Comment Re:Steve Jobs is the Monkeywrench (Score 2) 114

I have seem copies of contracts where it explicitly stated that the two countries agreed not to hire each other's employees.

I assume you meant "companies", not "countries", but even this seems really strange to me, at least as an American - under our antitrust laws, they'd have to be insane to put something like that into writing.

Comment Re:Journals and Universities are mostly to blame (Score 4, Interesting) 320

As long as these goals are present and more important to scientists and the scientific community at large than doing actual science, this will always be a serious problem.

Having worked in academia for a while, I don't entirely disagree with your diagnosis, but I think you're mischaracterizing the motives of scientists. Most of us really want to do actual science and not have to worry about money, and no one actually gets excited about grant writing the way they do about a successful experiment. The problem is that our incentive system is so screwed up that dealing with it occupies an increasing amount of our time. Even very thoughtful, scrupulous, and dedicated scientists whom I greatly respect get sidetracked by these practical concerns. It's incredibly depressing to watch, and one reason why I desperately want out.
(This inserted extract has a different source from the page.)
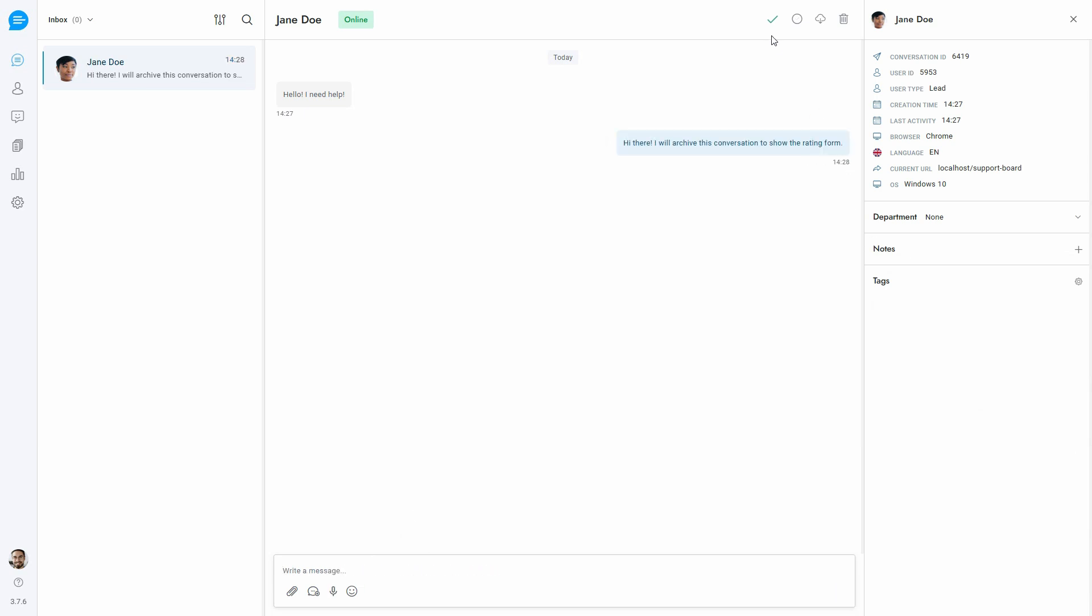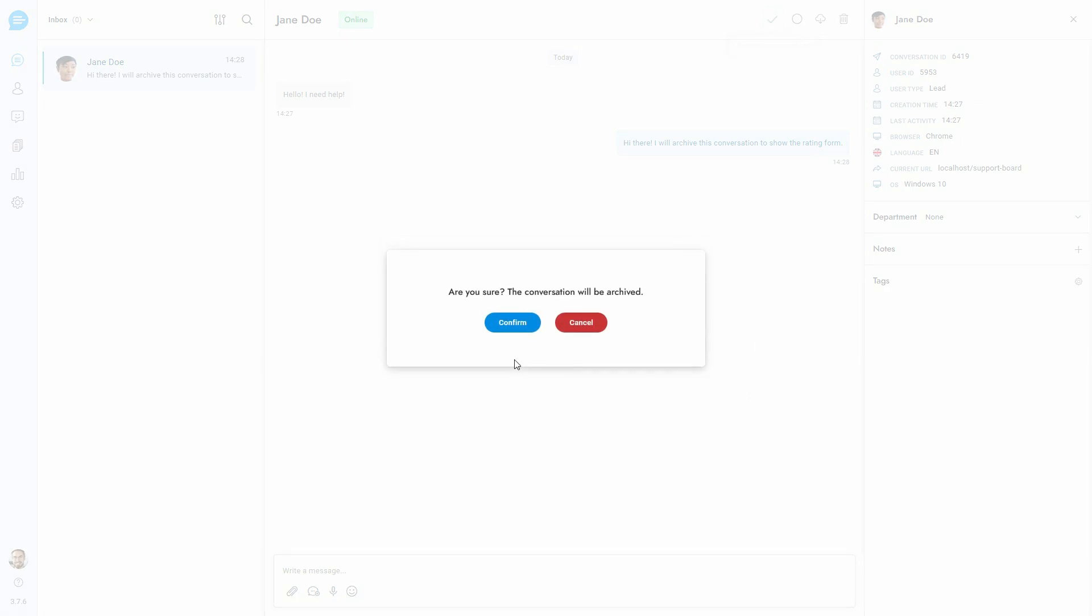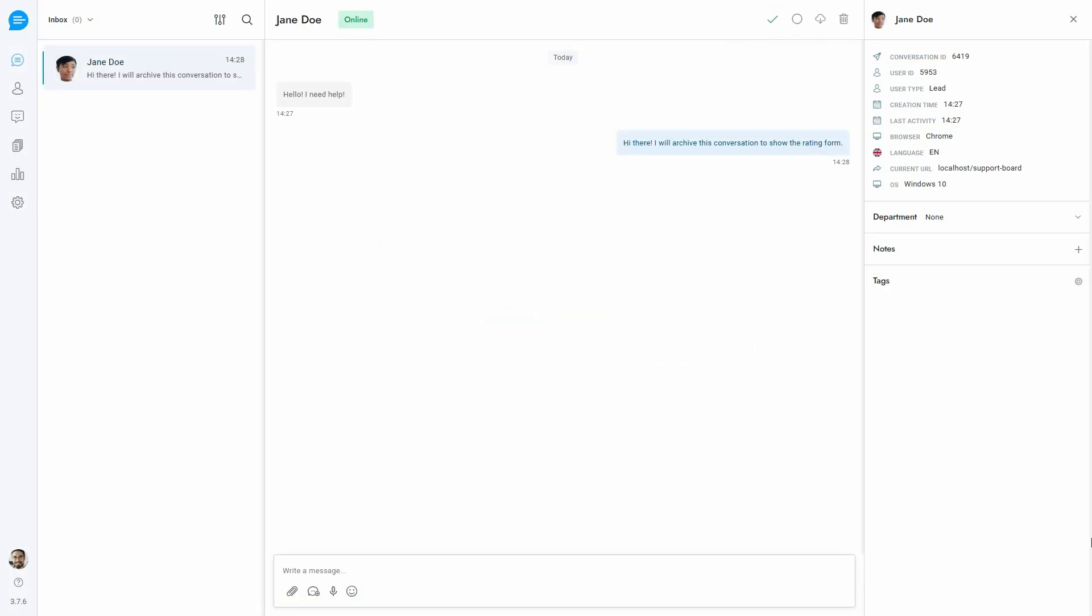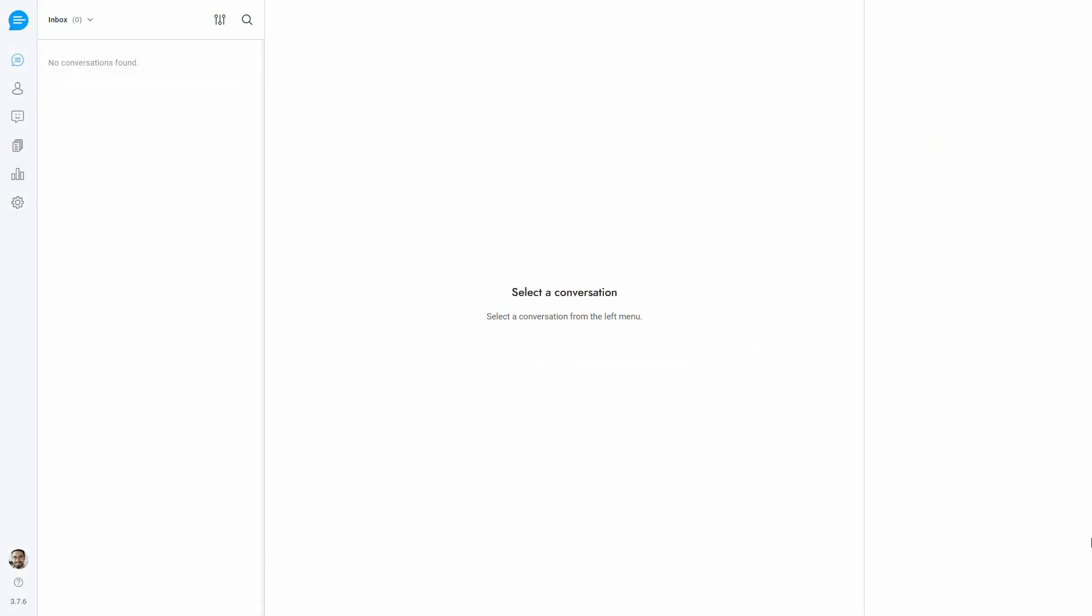When the rating form is activated, it will be displayed to the user once the agent archives the conversation.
Comment Re:seems about the same (Score 3, Interesting) 320

Someone (I forget where) once claimed that editors are disinclined to actually use these suggestions - instead, they'll remember the names for the next time they receive a manuscript on a similar topic from a different group. I doubt most scientists would complain if these recommendations disappeared entirely. What we're usually much more worried about, instead, is that the editor will send our paper to our arch-enemy who constantly bad-mouths us at meetings and is working on a similar project. (Or a notorious pedant who will dismiss any research that doesn't conform to his ideas about theory.)

Comment Re:seems about the same (Score 4, Insightful) 320

To clarify: I don't necessarily think the proportion has changed. But the absolute quantity of bad papers has certainly increased. I'm also wondering whether the incidence of truly incompetent work has gone up due to lowered standards; the average PhD student isn't a towering intellectual giant. (Hell, even I graduated.)
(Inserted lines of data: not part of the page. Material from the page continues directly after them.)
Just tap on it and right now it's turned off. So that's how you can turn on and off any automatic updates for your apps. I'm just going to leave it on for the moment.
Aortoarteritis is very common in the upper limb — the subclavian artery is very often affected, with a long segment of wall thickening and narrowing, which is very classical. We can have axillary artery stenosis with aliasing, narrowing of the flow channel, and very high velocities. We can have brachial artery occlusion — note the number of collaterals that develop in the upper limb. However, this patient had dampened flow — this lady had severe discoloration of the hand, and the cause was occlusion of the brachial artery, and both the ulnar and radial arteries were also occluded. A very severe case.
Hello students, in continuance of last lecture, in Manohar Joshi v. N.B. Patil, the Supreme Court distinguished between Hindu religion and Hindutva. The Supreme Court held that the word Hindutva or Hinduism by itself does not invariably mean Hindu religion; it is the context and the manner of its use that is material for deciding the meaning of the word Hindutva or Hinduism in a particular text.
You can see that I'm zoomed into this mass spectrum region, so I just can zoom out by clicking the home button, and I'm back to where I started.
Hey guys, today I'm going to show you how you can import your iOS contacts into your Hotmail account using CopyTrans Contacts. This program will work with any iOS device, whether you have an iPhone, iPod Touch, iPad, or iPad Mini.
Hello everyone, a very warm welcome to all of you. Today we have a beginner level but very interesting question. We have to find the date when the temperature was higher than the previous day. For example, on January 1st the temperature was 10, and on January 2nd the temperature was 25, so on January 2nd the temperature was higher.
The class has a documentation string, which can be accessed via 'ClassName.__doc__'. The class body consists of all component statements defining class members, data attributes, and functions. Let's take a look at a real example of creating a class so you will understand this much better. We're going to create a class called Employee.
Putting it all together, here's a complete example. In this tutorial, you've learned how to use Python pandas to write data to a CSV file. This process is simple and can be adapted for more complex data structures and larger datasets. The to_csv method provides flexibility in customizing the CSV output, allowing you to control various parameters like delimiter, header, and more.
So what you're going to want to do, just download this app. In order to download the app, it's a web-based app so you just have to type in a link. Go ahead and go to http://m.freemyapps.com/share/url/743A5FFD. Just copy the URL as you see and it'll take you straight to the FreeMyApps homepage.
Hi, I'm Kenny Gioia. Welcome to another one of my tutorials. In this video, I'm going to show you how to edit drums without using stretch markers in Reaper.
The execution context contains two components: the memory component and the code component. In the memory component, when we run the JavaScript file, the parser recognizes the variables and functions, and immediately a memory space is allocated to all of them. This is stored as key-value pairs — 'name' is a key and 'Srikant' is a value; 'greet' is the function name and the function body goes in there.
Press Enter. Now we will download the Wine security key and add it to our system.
Comment Re:Probably not acceptable to the hive mind (Score 4, Informative) 320

It's intellectually dishonest to post that letter without giving the APS a chance to respond, so I'll briefly quote them:

Dr. Lewis’ specific charge that APS as an organization is benefitting financially from climate change funding is equally false. Neither the operating officers nor the elected leaders of the Society have a monetary stake in such funding. Moreover, relatively few APS members conduct climate change research, and therefore the vast majority of the Society’s members derive no personal benefit from such research support.

Comment Re:seems about the same (Score 5, Insightful) 320

I think there are two other related issues at play here:

1. There has been a proliferation of relatively shoddy low-impact papers. Thanks to the Internet and the large scientific community, many of these are quickly flagged, but it's still a drag. Part of the reason for this is that the developed world (and more recently, aspiring nations) has been over-training scientists for a few decades, and a PhD is typically an essential requirement for most decent careers - which creates a big incentive to publish no matter how crappy the results.

2. Because of our f***ed-up incentive system, there is an additional huge incentive to publish in ultra-selective high-profile journals, which means the result has to be sufficiently exciting (and "citation bait"). Naturally, this leads people to either cheat or (more often) be sloppy and careless. These failures attract the most attention for obvious reasons.

Basically it's a natural side effect of the "democratization" of science. When basic research was just a gentleman's club centered at a relatively few elite institutions, there was much less incentive to game the system.